Anyway, there’s a new repository, which you can clone:
Julik
Nikolai, what I meant by “subclassing” is _why’s method of doing u”bla” (who’s going to do u”bla” on the CGI params and the database and the sockets…), I confused somewhat. Especially considering I couldn’t look at your extension because of these bizarro git things I’m barely familiar with.
The fact that ICU4R uses separate strings and regexps is a hindrance. but ICU implements alot of very very fancy Unicode mechanics (locale-aware sentence boundaries? word boundaries? locale-independent grapheme clusters?). The problem is that making your own will oblige you to implement all (or some of these) by yourself. OTOH , ICU4R is abandoned now and you can easily rig it into Ruby’s String (which will make it much more useable).

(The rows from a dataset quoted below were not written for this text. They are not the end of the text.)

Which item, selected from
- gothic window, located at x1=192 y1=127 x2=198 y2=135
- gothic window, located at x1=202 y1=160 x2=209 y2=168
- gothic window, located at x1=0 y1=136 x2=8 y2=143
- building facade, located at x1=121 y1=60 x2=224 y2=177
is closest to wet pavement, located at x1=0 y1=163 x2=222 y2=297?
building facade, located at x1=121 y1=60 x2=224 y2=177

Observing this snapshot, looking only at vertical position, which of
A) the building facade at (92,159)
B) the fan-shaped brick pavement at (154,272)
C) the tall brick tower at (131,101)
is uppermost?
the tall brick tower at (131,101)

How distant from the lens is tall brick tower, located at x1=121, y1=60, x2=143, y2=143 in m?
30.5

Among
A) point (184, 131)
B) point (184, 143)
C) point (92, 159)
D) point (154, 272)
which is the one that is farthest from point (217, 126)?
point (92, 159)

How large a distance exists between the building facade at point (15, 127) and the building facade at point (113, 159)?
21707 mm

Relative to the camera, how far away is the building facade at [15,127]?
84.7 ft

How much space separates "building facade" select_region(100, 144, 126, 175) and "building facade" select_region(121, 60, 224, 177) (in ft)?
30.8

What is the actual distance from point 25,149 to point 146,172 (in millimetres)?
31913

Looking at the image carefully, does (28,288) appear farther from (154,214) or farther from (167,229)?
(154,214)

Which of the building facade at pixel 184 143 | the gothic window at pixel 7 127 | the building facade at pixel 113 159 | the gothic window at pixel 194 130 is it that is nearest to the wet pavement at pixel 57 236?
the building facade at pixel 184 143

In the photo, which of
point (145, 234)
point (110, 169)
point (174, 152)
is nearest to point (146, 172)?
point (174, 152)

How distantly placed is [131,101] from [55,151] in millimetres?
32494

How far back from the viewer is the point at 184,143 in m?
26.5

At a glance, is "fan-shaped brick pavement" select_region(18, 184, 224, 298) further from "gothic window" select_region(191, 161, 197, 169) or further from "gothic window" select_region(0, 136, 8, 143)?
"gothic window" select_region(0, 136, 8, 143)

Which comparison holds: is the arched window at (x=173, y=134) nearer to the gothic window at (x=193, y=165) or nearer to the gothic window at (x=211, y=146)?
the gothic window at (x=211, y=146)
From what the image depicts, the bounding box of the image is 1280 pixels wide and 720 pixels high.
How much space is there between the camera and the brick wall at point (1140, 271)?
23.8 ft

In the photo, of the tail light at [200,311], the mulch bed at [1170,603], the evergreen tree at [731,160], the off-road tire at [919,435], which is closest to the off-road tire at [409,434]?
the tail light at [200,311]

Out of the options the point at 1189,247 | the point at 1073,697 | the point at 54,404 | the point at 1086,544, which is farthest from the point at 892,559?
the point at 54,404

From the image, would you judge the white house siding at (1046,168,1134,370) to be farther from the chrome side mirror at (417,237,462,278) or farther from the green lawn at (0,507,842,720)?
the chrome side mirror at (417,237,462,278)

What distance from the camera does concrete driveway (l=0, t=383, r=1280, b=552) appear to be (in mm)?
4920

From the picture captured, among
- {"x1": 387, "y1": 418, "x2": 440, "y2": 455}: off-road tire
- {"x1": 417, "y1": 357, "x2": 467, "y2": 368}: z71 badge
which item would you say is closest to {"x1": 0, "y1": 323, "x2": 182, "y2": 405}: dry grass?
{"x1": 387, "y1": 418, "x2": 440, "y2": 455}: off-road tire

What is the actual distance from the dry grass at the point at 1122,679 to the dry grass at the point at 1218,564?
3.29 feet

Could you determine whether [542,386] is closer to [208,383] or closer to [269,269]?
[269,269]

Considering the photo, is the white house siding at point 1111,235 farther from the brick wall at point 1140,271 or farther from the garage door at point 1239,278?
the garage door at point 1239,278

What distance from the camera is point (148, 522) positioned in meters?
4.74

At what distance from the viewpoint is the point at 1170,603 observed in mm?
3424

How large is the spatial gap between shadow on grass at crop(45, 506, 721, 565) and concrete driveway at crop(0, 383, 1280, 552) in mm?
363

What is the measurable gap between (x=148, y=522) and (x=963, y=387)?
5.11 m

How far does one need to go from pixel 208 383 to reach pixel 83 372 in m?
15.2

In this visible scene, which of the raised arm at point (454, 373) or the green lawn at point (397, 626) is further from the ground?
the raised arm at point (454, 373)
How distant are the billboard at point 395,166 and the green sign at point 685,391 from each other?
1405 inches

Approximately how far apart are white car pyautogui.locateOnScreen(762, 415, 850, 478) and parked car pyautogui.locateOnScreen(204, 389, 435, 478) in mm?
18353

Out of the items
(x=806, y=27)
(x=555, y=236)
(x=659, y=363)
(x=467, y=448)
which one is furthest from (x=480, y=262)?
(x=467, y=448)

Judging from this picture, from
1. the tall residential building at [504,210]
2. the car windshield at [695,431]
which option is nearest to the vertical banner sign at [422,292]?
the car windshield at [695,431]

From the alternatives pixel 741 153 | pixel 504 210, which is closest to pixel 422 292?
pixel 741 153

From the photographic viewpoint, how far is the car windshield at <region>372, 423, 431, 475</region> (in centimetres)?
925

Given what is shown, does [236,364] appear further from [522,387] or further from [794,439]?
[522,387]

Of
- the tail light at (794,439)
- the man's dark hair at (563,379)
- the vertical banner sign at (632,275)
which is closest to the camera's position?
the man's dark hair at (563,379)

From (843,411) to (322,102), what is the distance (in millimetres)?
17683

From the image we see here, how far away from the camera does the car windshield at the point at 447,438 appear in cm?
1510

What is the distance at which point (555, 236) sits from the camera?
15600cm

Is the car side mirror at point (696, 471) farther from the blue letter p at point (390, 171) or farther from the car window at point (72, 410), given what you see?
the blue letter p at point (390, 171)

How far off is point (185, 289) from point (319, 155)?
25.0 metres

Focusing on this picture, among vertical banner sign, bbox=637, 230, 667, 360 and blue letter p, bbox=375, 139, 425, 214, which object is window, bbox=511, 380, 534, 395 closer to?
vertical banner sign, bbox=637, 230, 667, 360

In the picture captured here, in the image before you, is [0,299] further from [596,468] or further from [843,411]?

We did the mixing in of methods somewhat differently (making a wrapper around Strings with same API , but preserving the original string). We also do native regexps (with character offsets) and gsub – basically all that String does.
All I hope for is we can make a handler for our plugin with your extension when it’s ready. And when it builds and runs on OS X without diffs, for that matter :-)
nweibull
Julik: Dealing with grapheme clusters and various boundaries is of course awesome, so hopefully I or someone else (hint, hint) will write code for that as well.
I don’t own a Mac, and I don’t run FreeBSD or Windows, so someone will have to help me with the OS porting.
Anyway, all I hope now is that I didn’t announce this library too soon.
Current task is to write up specifications so that we can ensure backwards compatibility while supporting unicode as well.